[Question] Why should we expect AIs to coordinate well?

This is a common assumption for AI risk scenarios, but it doesn’t seem very justified to me.

https://​​www.lesswrong.com/​​posts/​​gYaKZeBbSL4y2RLP3/​​strategic-implications-of-ais-ability-to-coordinate-at-low says that AIs could merge their utility functions. But it seems increasingly plausible that AIs will not have explicit utility functions, so that doesn’t seem much better than saying humans could merge their utility functions.

Similarly, you might think AIs could read each other’s source code, but to me that sounds like saying humans might coordinate by looking at each other’s MRI scans. We would need much better interpretability for this to be at all feasible.
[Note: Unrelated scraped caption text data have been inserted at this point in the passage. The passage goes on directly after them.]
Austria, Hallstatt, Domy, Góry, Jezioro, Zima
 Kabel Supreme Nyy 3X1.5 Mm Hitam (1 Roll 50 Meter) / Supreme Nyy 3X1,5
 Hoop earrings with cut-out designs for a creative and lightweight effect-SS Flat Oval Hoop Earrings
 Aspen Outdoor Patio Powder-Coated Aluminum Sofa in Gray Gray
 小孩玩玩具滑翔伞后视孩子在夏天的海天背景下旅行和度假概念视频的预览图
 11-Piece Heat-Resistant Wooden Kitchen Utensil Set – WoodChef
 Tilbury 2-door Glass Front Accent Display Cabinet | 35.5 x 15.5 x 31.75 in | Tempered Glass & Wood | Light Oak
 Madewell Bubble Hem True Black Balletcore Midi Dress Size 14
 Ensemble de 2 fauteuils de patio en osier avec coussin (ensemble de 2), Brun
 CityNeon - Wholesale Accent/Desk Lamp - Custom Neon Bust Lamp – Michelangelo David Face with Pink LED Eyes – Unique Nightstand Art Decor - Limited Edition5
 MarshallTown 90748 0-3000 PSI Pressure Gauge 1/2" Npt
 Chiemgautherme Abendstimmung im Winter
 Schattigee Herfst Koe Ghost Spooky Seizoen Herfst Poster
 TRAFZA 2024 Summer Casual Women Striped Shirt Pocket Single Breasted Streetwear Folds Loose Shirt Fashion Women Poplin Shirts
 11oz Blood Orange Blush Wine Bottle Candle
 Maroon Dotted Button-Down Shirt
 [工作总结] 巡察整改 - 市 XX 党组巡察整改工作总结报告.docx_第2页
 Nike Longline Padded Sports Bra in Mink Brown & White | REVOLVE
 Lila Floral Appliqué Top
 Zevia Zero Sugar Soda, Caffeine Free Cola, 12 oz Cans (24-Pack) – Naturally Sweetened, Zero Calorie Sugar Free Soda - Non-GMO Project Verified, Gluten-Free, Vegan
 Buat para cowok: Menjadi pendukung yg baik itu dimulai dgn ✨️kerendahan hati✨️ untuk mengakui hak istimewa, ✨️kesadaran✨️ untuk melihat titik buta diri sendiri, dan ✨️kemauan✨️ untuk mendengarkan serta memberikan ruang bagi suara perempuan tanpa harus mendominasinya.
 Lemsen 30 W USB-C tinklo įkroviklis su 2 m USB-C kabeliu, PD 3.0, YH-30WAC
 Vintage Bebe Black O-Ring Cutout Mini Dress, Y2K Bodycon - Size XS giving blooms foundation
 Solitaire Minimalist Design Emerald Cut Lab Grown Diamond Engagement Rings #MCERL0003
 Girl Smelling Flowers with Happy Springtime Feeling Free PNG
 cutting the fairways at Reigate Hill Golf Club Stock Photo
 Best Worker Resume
https://​​forum.effectivealtruism.org/​​posts/​​vGsRdWzwjrFgCXdMn/​​why-would-ai-aim-to-defeat-humanity says AIs might have similar aims because they are trained in similar ways to each other, but this is even more true of humans coordinating with humans.

You might be able to copy and run an AI to verify what it will do in various scenarios, but sandboxing AIs will be hard for AIs for the same reasons it will be hard for humans.

So: why will AIs be able to coordinate better with each other than with humans, and better than humans can coordinate with each other?